In the Birdverse universe, relationships and language and magic intertwine so tightly they can’t be fully pulled apart because none of them exist in isolation from each other. Language and linguistics underpins the Birdverse. If you enjoy asides on and playing with etymology and language change, if you love fascinating cultural explorations and inventive customs and traditions that feel lived in, this is the story for you. This world feels “real” in the sense that I can imagine myself wandering into it, and it comes alive in striking and evocative writing.

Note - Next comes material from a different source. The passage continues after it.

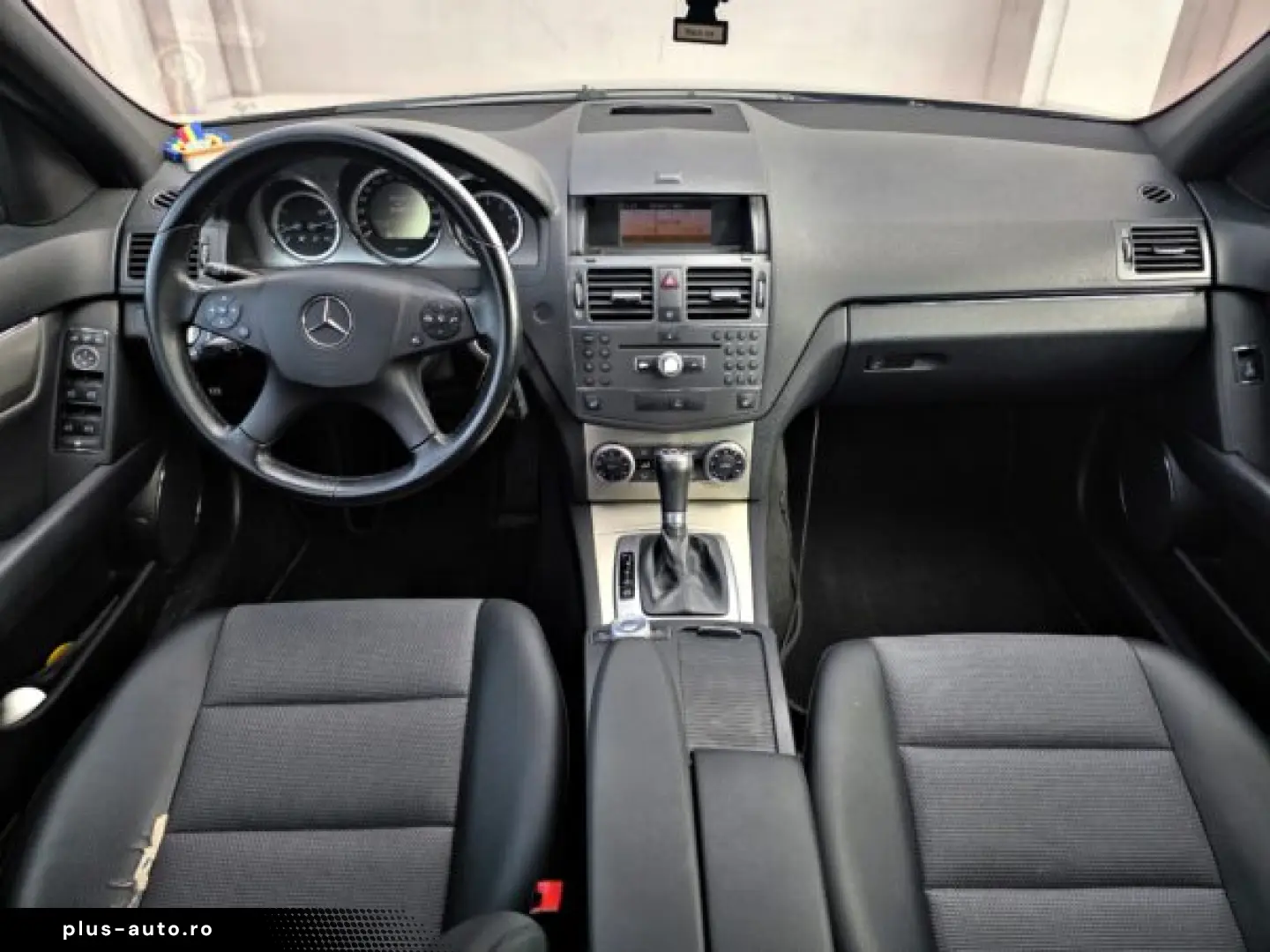 MERCEDES C180   An 2009   Motor 1 8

One day grandmother-nai-Tammah spoke to me, as if to continue a conversation we had never begun. “Beyond the city,” she said, “in the heart of the desert, the sandhills crest and fall, shifted about by the hand of the wind. Sometimes the wind blows so mighty it cuts through the layers of sand, through the years, revealing bones of perished animals too winsome to exist. People of the Surun’ treasure these, and so do the Maiva’at. The best of their weavers know how to listen to the bones. In plain threads of spidersilk they then embroider these beasts, fantastical and forgotten, onto carpets dyed with weld and madder.”

I nodded, not feeling the need for speech.

“Each tribe has its own designs, shapes formal and solemn to embody the memories of the bones. Each tribe has its own materials—spidersilk and wool, sisal and reeds and thin leather cords. Yet only among the snake-Surun’ is there a tradition of weaving from air.”

She said nothing more, expecting perhaps a question.

Later, Gitit-nai-Lur would ask me why I had not asked, her eyes bright with secrets and dreams of the desert. “A cloth of winds! A whole tradition of it, not just a single fragment but a whole carpet, carpets! Oh, such a treasure to bring back from a trading venture, to unroll before the ruler of the city!”